**Work order**
After finding the line with "Käytetään kirjan tukena", restate it and each remaining line of the material word for word, omitting every picture.

**Data extract**
-- Opening Marker --
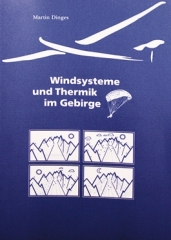 Systèmes de vent et thermiques en montagne Systèmes de vent et thermiques en montagne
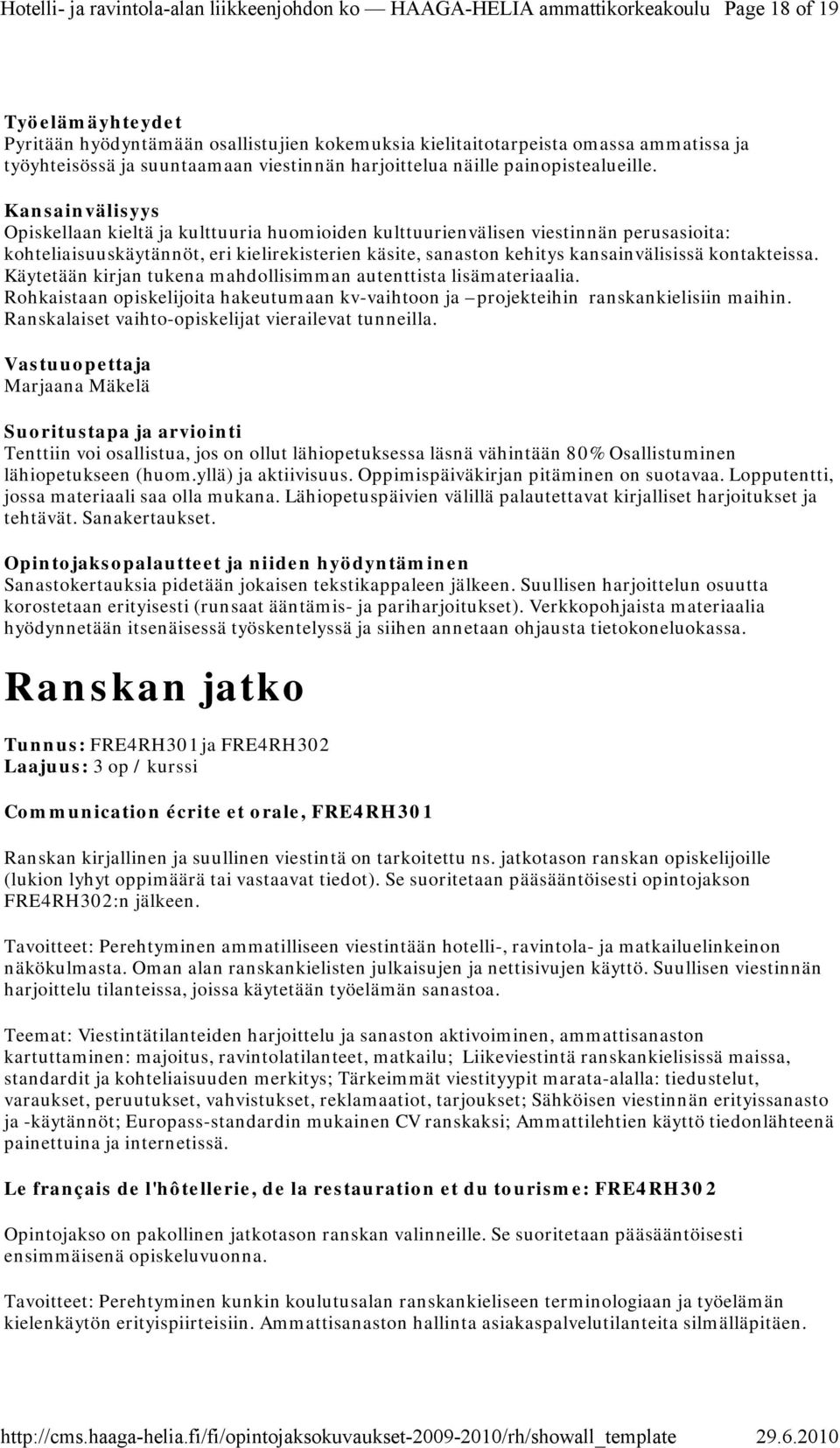 Käytetään kirjan tukena mahdollisimman autenttista lisämateriaalia. Rohkaistaan opiskelijoita hakeutumaan kv-vaihtoon ja projekteihin ranskankielisiin maihin.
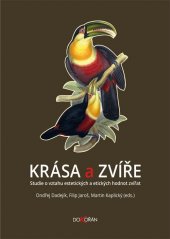 kniha Krása a zvíře Studie o vztahu estetických a etických hodnot zvířat, Dokořán 2015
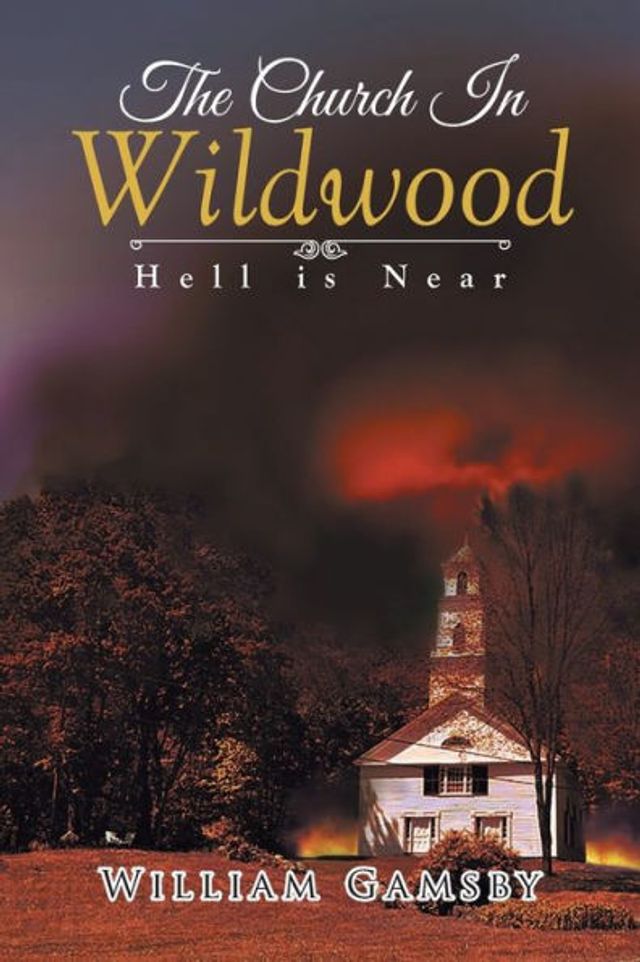 The Church Wildwood: Hell is Near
-- Closing Marker --
**Problem solution**
 Käytetään kirjan tukena mahdollisimman autenttista lisämateriaalia. Rohkaistaan opiskelijoita hakeutumaan kv-vaihtoon ja projekteihin ranskankielisiin maihin.
 kniha Krása a zvíře Studie o vztahu estetických a etických hodnot zvířat, Dokořán 2015
 The Church Wildwood: Hell is Near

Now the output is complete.